Note that we have excluded “racial ancestry” from this table. Genetics, biomedical researchers, and sociologists of science have criticized the use of “race” to describe genetic ancestry within biomedical research [40, 49, 84, 122], while others have criticized the use of direct-to-consumer genetic testing and its implications for racial and ethnic identification [15, 91, 113]

In our paper, we take pains to point out responsibly how many aspects of racial, such as phenotype, nationality (through citizenship rules), and class signifiers (through inheritance) are connected with ancestry. We, of course, do not mean to equate ancestry with race. Nor, especially, are we saying that there are genetic racialized qualities besides perhaps those associated with phenotype. We are also not saying that direct-to-consumer genetic test data is what institutions should be basing their inference of quasi-racial categories on. Nothing like that.

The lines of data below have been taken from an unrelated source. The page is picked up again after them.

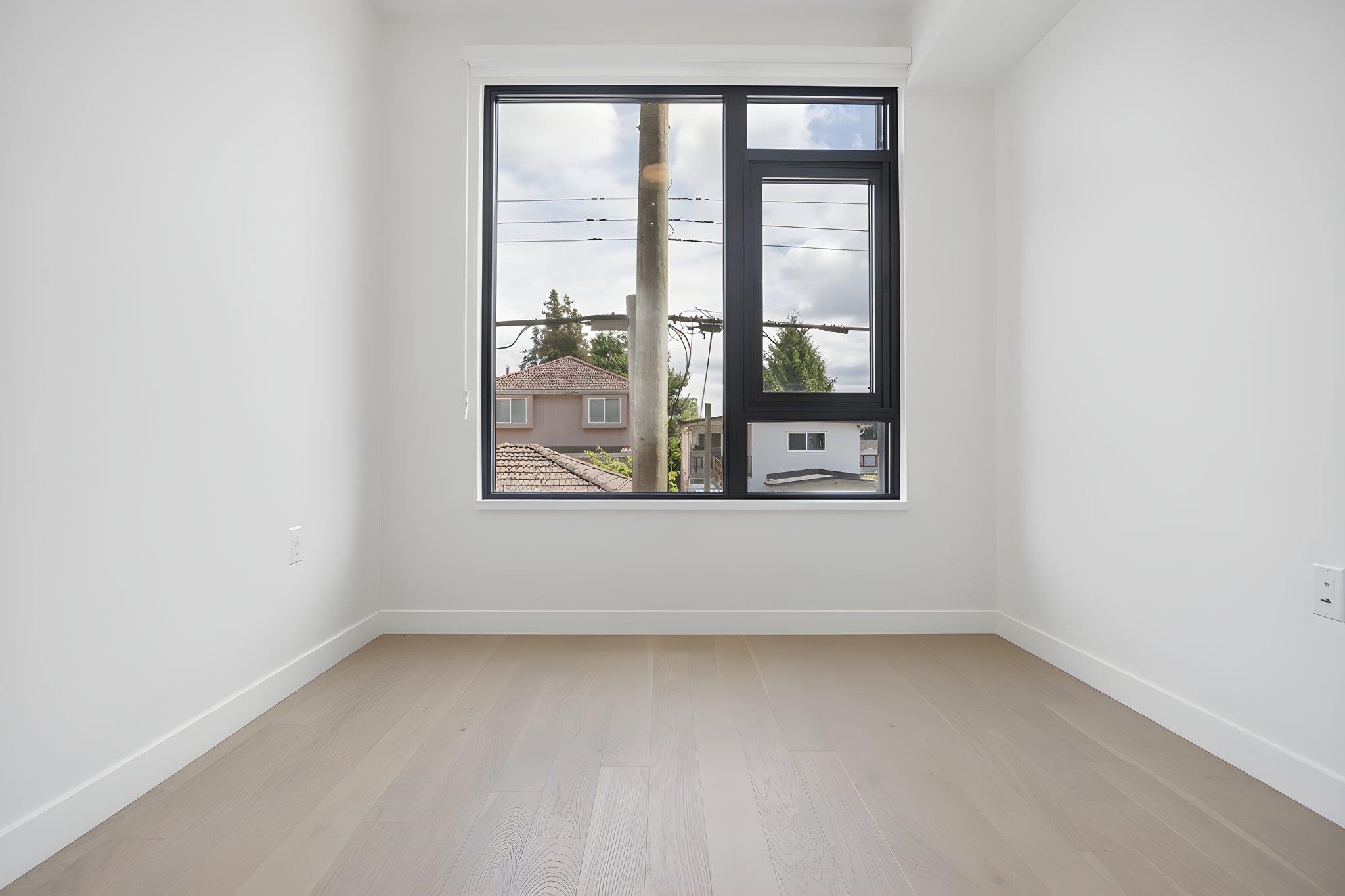 202-8398 Oak Street, Vancouver, BC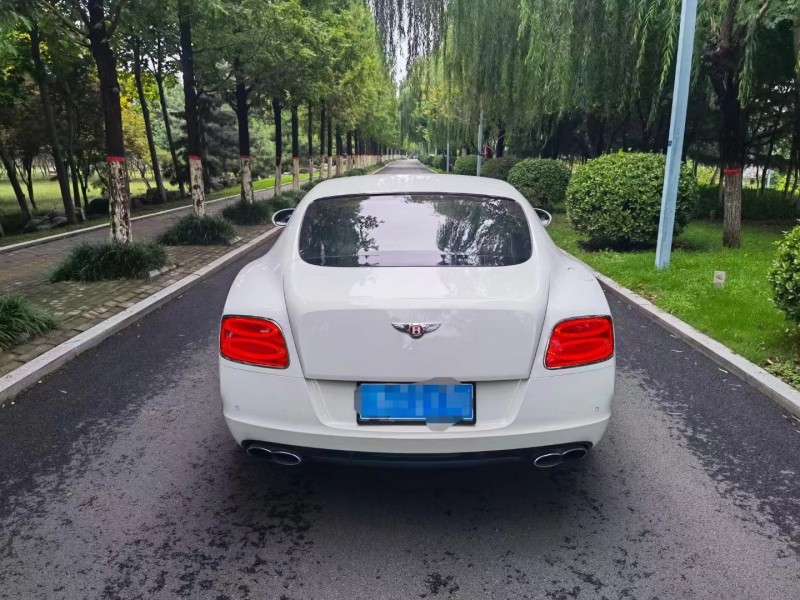北京14年賓利歐陸9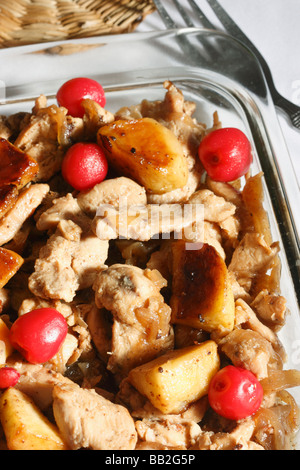 Solange-e Seib ist ein Fleisch-Eintopf mit Äpfeln & trocken Obst Stockfoto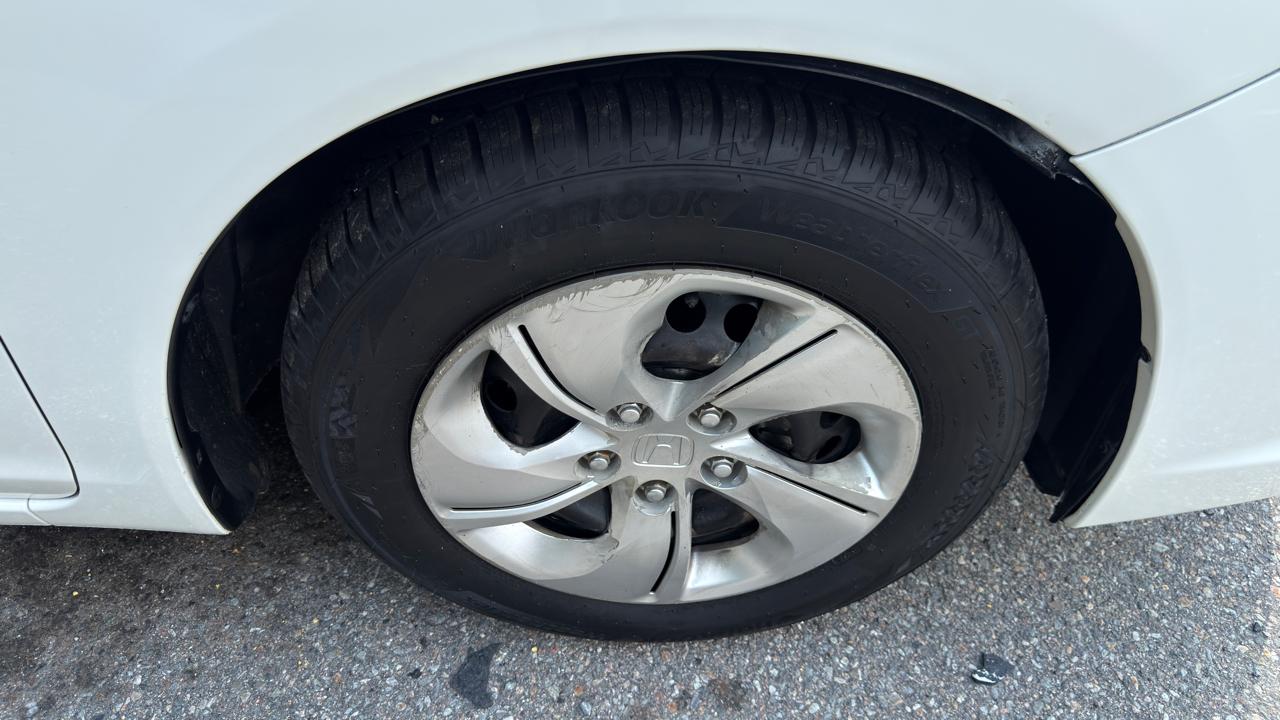 Honda Civic LX Coupe 5-Speed AT 2013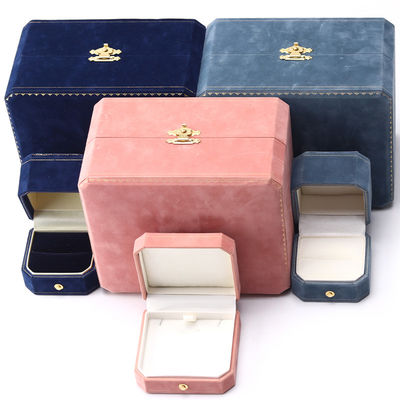 comprar Caja de joyería de terciopelo rectangular para un collar y brazalete de lujo personalizado online manufacture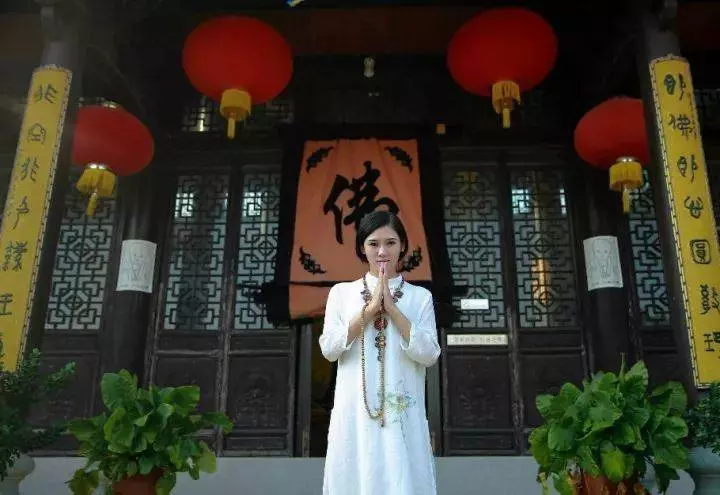 經常「慈悲」的人,人會越長越漂亮!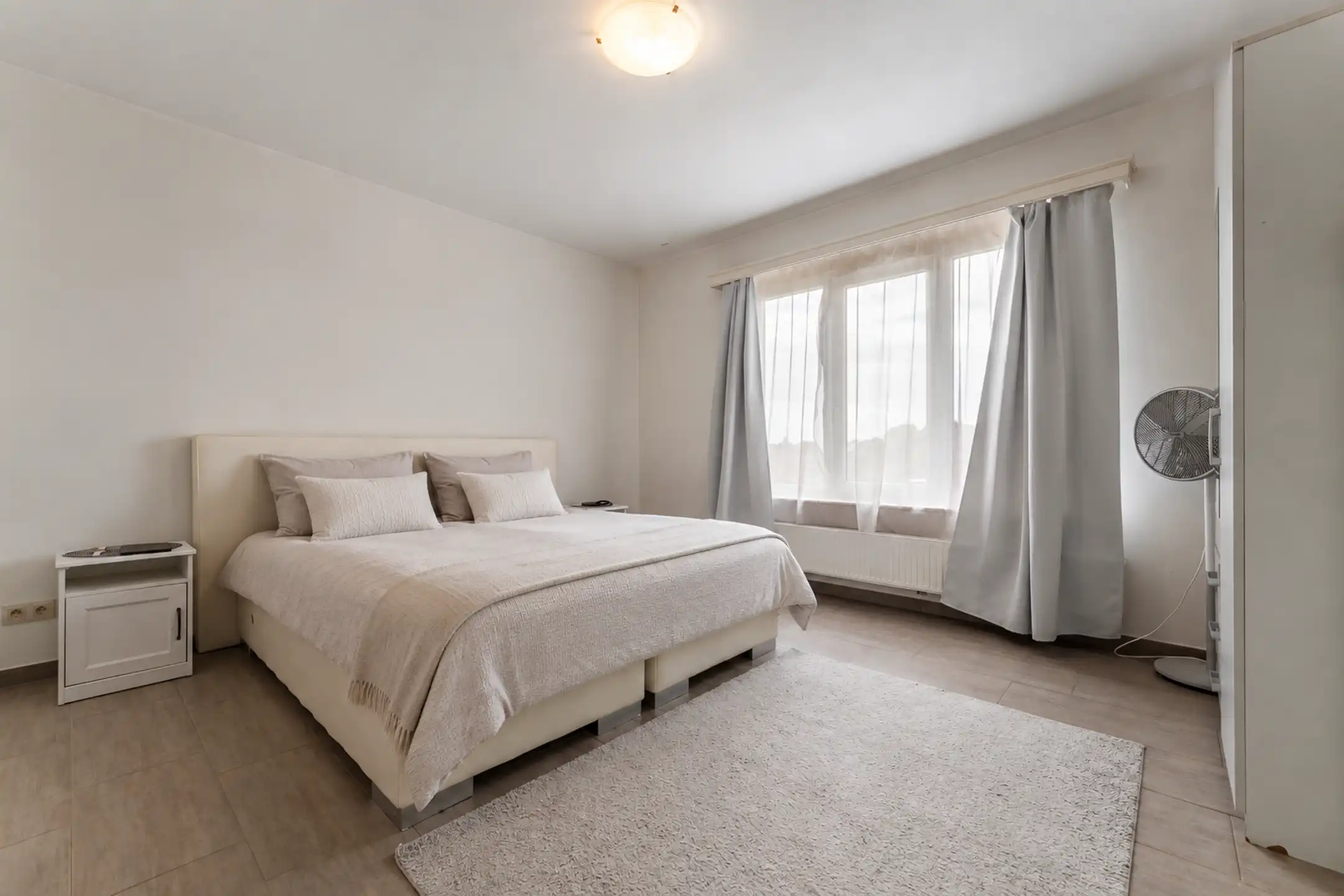 Ruim appartement van 109 m² met garage & terras foto 9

However, speaking for myself, I believe that an important aspect of how race functions at a social structural level is how it implicates relations of ancestry. A. Rao perhaps puts the point better: race is a system of inherited privilege, and racial discrimination is more often than not discrimination based on descent.

Understanding this about race allows us to see what race has in common with other systems of categorical inequality, such as the caste system. And here was a large part of the point of offering an algorithmic solution: to suggest a system for identifying inequality that transcends the logic of what is currently recognized within the discourse of “critical race theory” and anticipates forms of inequality and discrimination that have not yet been so politically recognized. This will become increasingly an issue when a pluralistic society (or user base of an on-line platform) interacts with populations whose categorical inequalities have different histories and origins besides the U.S. racial system. Though our paper used African-Americans as a referent group, the scope of our proposal was intentionally much broader.


Benthall, S., & Haynes, B. D. (2019, January). Racial categories in machine learning. In Proceedings of the Conference on Fairness, Accountability, and Transparency (pp. 289-298).

Hanna, A., Denton, E., Smart, A., & Smith-Loud, J. (2020, January). Towards a critical race methodology in algorithmic fairness. In Proceedings of the 2020 Conference on Fairness, Accountability, and Transparency (pp. 501-512).